The company has said previously it waived an estimated $30,000 in various fees for Anna Maria projects.

 Wilcox said he was trying to coordinate the start of Phase I with Adkins Contracting, the approved contractor, so that it does not interfere with the current Gulf Drive pipe-laying project by the Manatee County Utilities Department.

The stormwater project was scheduled to start Aug. 4, Wilcox said, with a targeted completion date of Jan. 31, 2009.

Planning and zoning board member Jim Conoly provided comic relief to the meeting when he questioned where all the drawings, e-mails, letters and minutes of meetings regarding the entire project will be maintained.

Mayor Fran Barford said she hoped Conoly was not insinuating that the city has anything to hide regarding the project, which has taken about four years of planning.

Quite the contrary, noted Conoly.

“I just want to be able to look and see what we are doing. I’m not here to replace Rick DeFrank,” he said, bringing a laugh from the commission and audience.

“You could never do that,” quipped Barford with a smile.

DeFrank, long a critic of the city’s stormwater drainage plans and a conspiracy theorist, recently sold his Pine Avenue home and moved from the city to northwest Bradenton.


Site-plan reviews

In other business, commissioners had the first reading of an amendment to the site-plan review procedures that will turn a large portion of the process over to the administration and the city’s building official.
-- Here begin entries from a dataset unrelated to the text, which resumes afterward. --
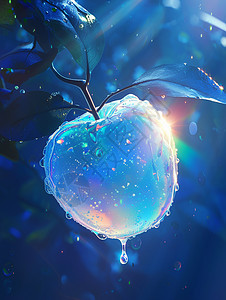 挂在树枝上炫彩透明的发光的卡通苹果图片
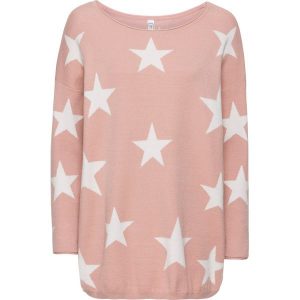 Sweter dzianinowy z nadrukiem w gwiazdy. Czerwone swetry klasyczne bonprix, z dzianiny, bez kołnierzyka. Za 99,99 zł.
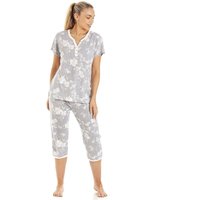 Camille Women's Lightweight Floral Capri Pyjama Set in Light Grey | Size: 10-12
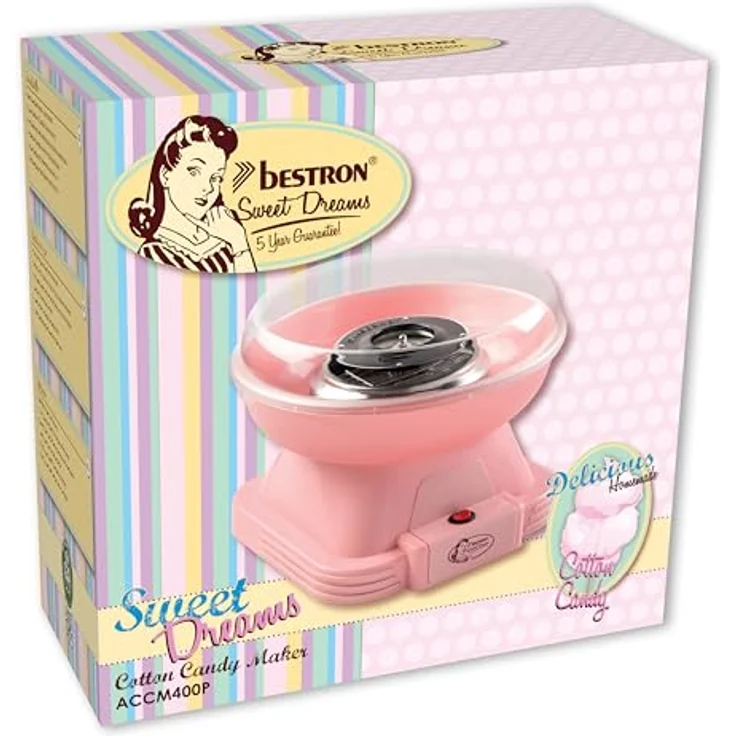 Bestron ACCM400P, Zuckerwattenmaschine Retro Cotton Candy Maker, 500W, inkl. 10 Stäbchen & Messlöffel, rosa – Bild 5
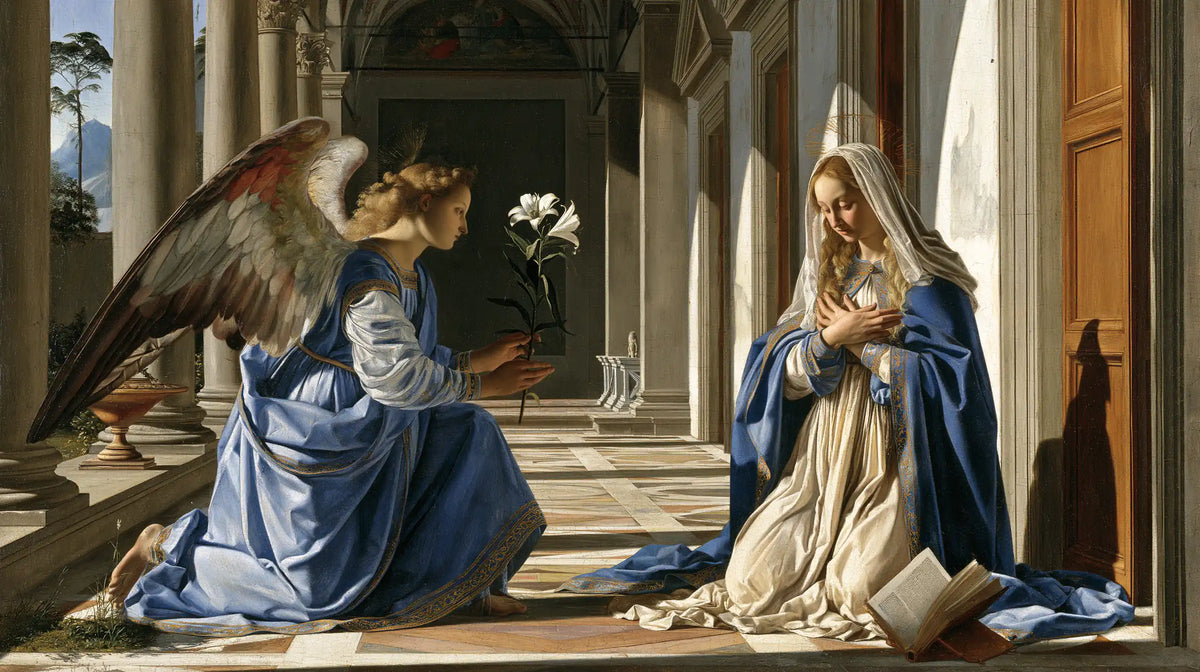 the Annunciation in Florentine Renaissance style in Florentine Renaissance style, landscape Christian artwork no. 17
The amendment will give an applicant 18 months from the date of preliminary site-plan approval to apply for final approval, but just one year from that approval to complete the project.
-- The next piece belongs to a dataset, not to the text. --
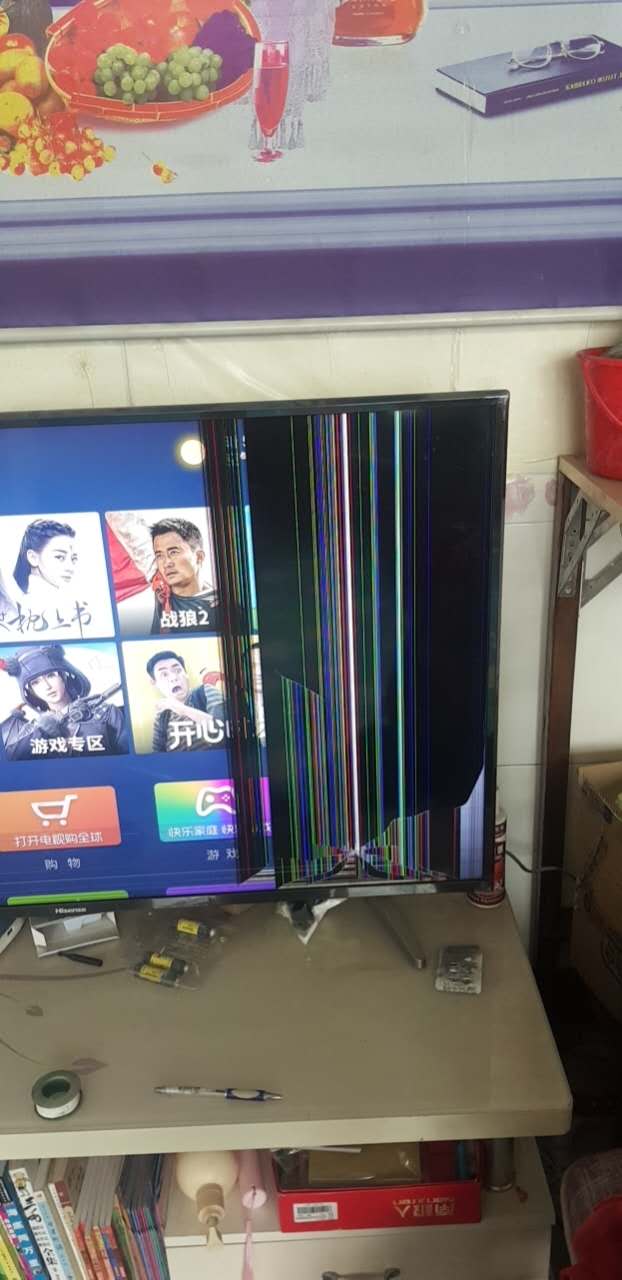 电视机坏了彩屏图片图片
Under the amendment, the administration would be able to extend the deadlines.


EEEC official

Commissioners also gave the city’s environmental education and enhancement committee status as a recognized city committee, with from three to seven members appointed by the mayor and approved by the commission.

As a city committee, the EEEC will be subject to Florida’s Government in the Sunshine Laws, ethics statutes, accounting procedures for municipal committees and other legal requirements, in addition to adopting rules of order, setting agendas and taking public input.
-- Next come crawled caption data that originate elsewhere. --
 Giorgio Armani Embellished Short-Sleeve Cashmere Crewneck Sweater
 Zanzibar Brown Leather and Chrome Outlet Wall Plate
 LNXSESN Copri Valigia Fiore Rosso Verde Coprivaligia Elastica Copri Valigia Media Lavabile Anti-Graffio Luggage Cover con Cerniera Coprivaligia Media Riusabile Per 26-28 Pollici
Full-time building official

The commission unanimously approved a resolution to retain M.T. Causley Inc. as the full-time source for the city’s building official duties, with Bob Welsh of M.T. Causley remaining in that position.

The city will pay $2,500 per week for the services, but provide no personnel benefits.



With the annual Island Bayfest planned for October when the Anna Maria Island Bridge is scheduled to be closed to vehicular traffic, the commission approved a measure reducing the special event permit fee from $500 to $200 for the Anna Maria Island Chamber of Commerce, organizers of the event.

Commission Chairman John Quam was reluctant to back the chamber’s request to waive the fee because he feared it would set a precedent, but was swayed by Barford’s argument that the event’s impact would be lessened this year because of the bridge.

Commissioner Dale Woodland agreed to reduce the fee - albeit reluctantly - but said the chamber should understand that “this is a one-time deal.”

The commission was in an expansive mood, agreeing in a separate measure to waive the $670 building fee for the Island Players to improve the theater, which is owned by the city.


Staggered office hours

Barford said the staggered hours for office staff initiated recently in anticipation of the 45-day closure of the AMI Bridge has been “great” for the staff.

“It’s a real morale booster and we’ve cut down on sick time and lost days,” she said.



The three commissioners in attendance - Mattick, Quam and Woodland - adopted a tentative millage rate of 1.7882 for the 2008-09 budget as Percycoe noted that the millage rate now cannot be raised, only lowered.

The rollback rate - the ad valorem tax rate needed to generate the same amount of revenues as in the 2007-08 budget - was 2.0415, but no commissioner was interested in raising the millage. The 2008-09 budget will now have $151,000 less revenue than last year’s, but that will be offset to some degree by increases in fees and other revenue sources. (See separate budget story.)

Commissioners Duke Miller and Christine Tollette were absent from the meeting.